Fue un auténtico espectáculo de belleza y esperanza el reciente encuentro del Papa con las familias celebrado hace unas semanas en Milán. Mucho me impresionó ver el vídeo de los testimonios en el Parco di Bresso. Una preciosa pequeña Cat Tien, vietnamita de siete años, le decía a Benedicto XVI “me gustaría mucho saber algo de tu familia y de cuando eras pequeño como yo”, a lo que el Papa respondió contándole a la niña su recuerdo de los domingos infantiles como día del Señor y día de la familia.
Pero no era una escena calculada para enternecer al Sucesor de Pedro, sino un momento real que sabe adaptarse a una edad para hacer la pregunta propia de una niña y escuchar la respuesta adecuada. Sin papeles desde los que contestar con respuestas muy peinadas, el Papa fue escuchando lo que le presentaban, sin maquillar los mil miedos que a veces acorralan también a las familias cristianas. Calvarios y estigmas fueron presentados a pecho abierto al Papa, y también los pequeños o grandes testimonios en donde la resurrección era descrita con colores de esperanza.

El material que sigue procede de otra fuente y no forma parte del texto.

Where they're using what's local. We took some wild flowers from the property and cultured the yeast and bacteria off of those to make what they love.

Novios como Serge y Fara, africanos de Madagascar que expresaban su alegría enamorada, pero también la preocupación ante el “para siempre”, cuando lo que descubren en Europa es la banal superficialidad con la que se plantea lo más hermoso como es el amor y el matrimonio con una tramposa fecha de caducidad sin que aparentemente suceda nada. Qué hermosa aquella respuesta del Papa para hablar del vino del enamoramiento primero y del vino de la madurez posterior, deseando para esa joven pareja el milagro de Caná para que puedan quererse siempre, con ese vino mejor que sabe madurar en el respeto, en la ternura, en la apertura a la vida, con un “para siempre” que no sabe de traiciones ni atajos, aunque se exija la generosidad más noble para no cansarse nunca de estar siempre comenzando.

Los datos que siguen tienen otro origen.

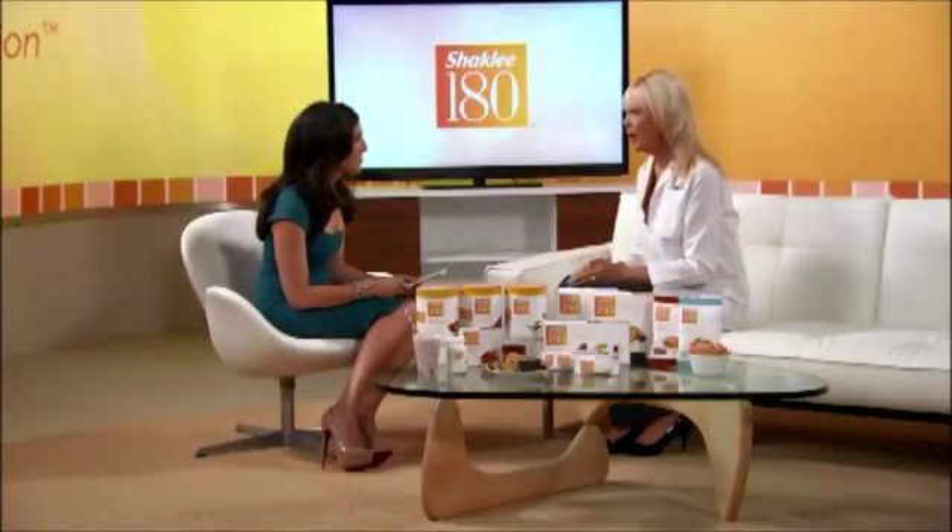So besides leucine, tell us what's in the Shake and, of course, what's not in the Shake. Well, the Shakes contain 24 grams of protein made as directed. They're low-glycemic, they're gluten-free, and they don't contain any artificial colors, flavors, sweeteners, or preservatives.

Lo que más que conmovió fue el testimonio de Nikos y Pania, un matrimonio de Atenas, que contaron su agobio al llegarles la durísima crisis económica: “cada día nos queda menos para mantener a nuestras familias. Nuestra situación es una más entre millones de otras. En la ciudad, la gente va agachando la cabeza; ya nadie confía en nadie, falta la esperanza. También a nosotros, aunque seguimos creyendo en la providencia, se nos hace difícil pensar en un futuro para nuestros hijos. Hay días y noches, Santo Padre, en los cuáles nos surge la pregunta sobre cómo hacer para no perder la esperanza. ¿Qué puede decir la Iglesia a toda esta gente, a estas personas y familias a las que ya no quedan perspectivas?”.

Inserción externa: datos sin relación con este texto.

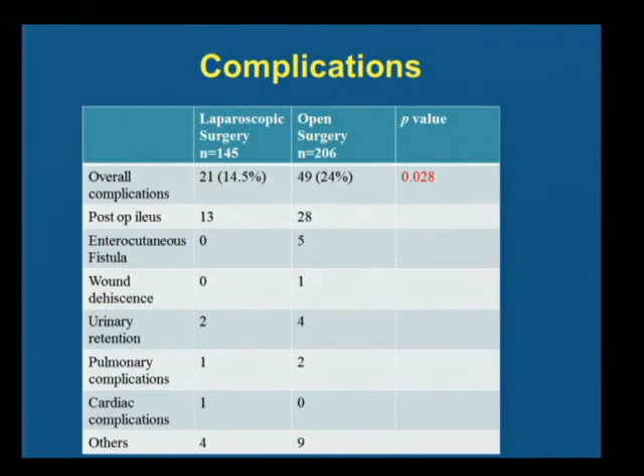We looked at complications in the laparoscopic group. The total number of complications was 21, while in the open group it was 49 — again significant. Post-op ileus: the number of patients was 13 in the laparoscopic group and 28 in the open group, and this was found to be a significant factor in our length of stay as well. Patients who had post-op ileus typically stayed in the hospital for a longer time, and that was also significant.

Y la respuesta del Papa vale por todo un discurso. Conmovido invitó a los políticos a que “no prometan cosas que no pueden realizar, que no busquen sólo votos para ellos, sino que sean responsables del bien de todos y que se entienda que la política es siempre también responsabilidad humana, moral ante Dios y los hombres”. Pero él se hizo la pregunta: ¿qué podemos hacer nosotros? “Quizás podrían ayudar los hermanamientos entre ciudades, entre familias, entre parroquias. Nosotros tenemos ahora en Europa una red de hermanamientos, de intercambios culturales muy buenos y útiles, pero quizás se requieran hermanamientos en otro sentido: que realmente una familia de Occidente… se tome la responsabilidad de ayudar a otra familia. Y también así las parroquias, las ciudades”. Es todo un programa de compromiso cristiano: mirar al otro con respeto como alguien que me pertenece, justo como hace Dios que nos escucha a cada uno mirándonos a los ojos.